Shanna touched his arm ever so lightly, grazing her fingertips against the soft fabric of his black suit. Bruce blinked lazily and shifted in his seat at the sudden gesture. He glanced over at the beautiful woman sitting next to him. She gave him a coy half-smile, her golden locks hiding half of her perfect face. She continued to run her fingertips up and down his hand until they languidly slid down to his thigh. He started then, sitting up straighter. He reached for her hand, squeezed it gently, and brought it back to her own lap.

He regarded coolly as she pouted and tossed her back behind her shoulder at the silent denial of her advances. He sighed and turned his gaze back to the play. After they left the theater, he would take her straight back home. He had better things to do than try to entertain her any further as Bruce Wayne.

The lights dimmed, signaling only the end of the third act of 'Pygmalion'. The auditorium erupted into a pensive wave of applause. Bruce clapped his hands several times and sank back into his plush chair. A soft light hit the stage revealing a large parlor, or sitting room, Bruce really was not paying much attention. He knew that the musical 'My Fair Lady' was an adaptation of this play, but that was all he knew, or all he cared to know.

That all changed when the prop door on the stage opened.

The character was Eliza Doolittle, dressed in her finest. But it was not the character that caused Bruce to finally sit up in his seat. It was the actress.

She was radiant in the light, garbed in an opera cloak, a dazzling white evening dress clinging to her lithe form, and sparkling diamonds covering her arms and delicate throat. The audience seemed to hold their breath when she crossed the stage, she was a quite the vision to behold in her elegant array. She came to the hearth, and switched on the electric lights; every move carried with accurate grace. The lights illuminated her character's exhaustion; her pallor contrasting strongly with her dark eyes and hair; and her expression was almost tragic. She took off her cloak, put her fan and flowers on the piano, and sat down on the bench, brooding and silent.

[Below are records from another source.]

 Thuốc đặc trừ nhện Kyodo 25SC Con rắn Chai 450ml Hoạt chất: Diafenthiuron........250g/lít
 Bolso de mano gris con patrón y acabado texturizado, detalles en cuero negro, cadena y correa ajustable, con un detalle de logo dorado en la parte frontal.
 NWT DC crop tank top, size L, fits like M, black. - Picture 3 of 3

Bruce was simply awestruck by the actress. She was Eliza Doolittle? The main character in this play? Impossible. Why had he not noticed her before? Was it the costume, perhaps? The magnificent way the light was washing over her, glittering and luminous?

He shifted in his seat again and leaned forward slightly, trying to get a better look at this stunningly beautiful woman on the stage. She turned her head downward and reached for something around her neck. Bruce blinked and tilted his head when a brilliant yet very brief glimmer of crystal white flashed before him. A diamond solitaire the size of an infant's fist fell back lightly on the actress' chest, its brilliant luster strangely fading away when she sighed audibly.

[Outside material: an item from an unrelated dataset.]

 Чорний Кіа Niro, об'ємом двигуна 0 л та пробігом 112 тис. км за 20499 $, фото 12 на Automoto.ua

Her beauty took his breath away, but her palpable melancholy; her crushing bitterness nearly broke his heart. With that far away look on her beautifully tragic face, he could almost feel her heartache. That raw vulnerability she exuded all but broke him. He actually felt pity for her. Her manner was so real, so believable that he wished that she truly did not feel this; that she was merely playing her character.

His lips parted slightly, now suddenly entranced by the mystery woman on the stage that trapped her audience in her spell.

He watched her, studied her, and admired her as the play wore on. Now he never wanted the play to end. He would be content just watching her for the rest of the night if he had to. There was going to be a change of plans after the play was finished.

He was going to personally congratulate the cast for a job well done. Then he was going to introduce himself to this Sarah Williams.

AN: yea yea, I know, I'm still working on other stories. Please please please don't give me heat for starting another one without finishing another. I will get to them I swear, and this is the last story I have in mind. Anyone see 'Batman Begins'? This takes place afterward, and don't ask about the Joker, none of that going on here. However, remember the arrowhead in the movie? The element there will play a HUGE part in this story. And Christian Bale is such a freakin' hottie and the best Batman ever so he's in my mind ever so often as I write this. Enjoy, and as always - thank you to all reviewers!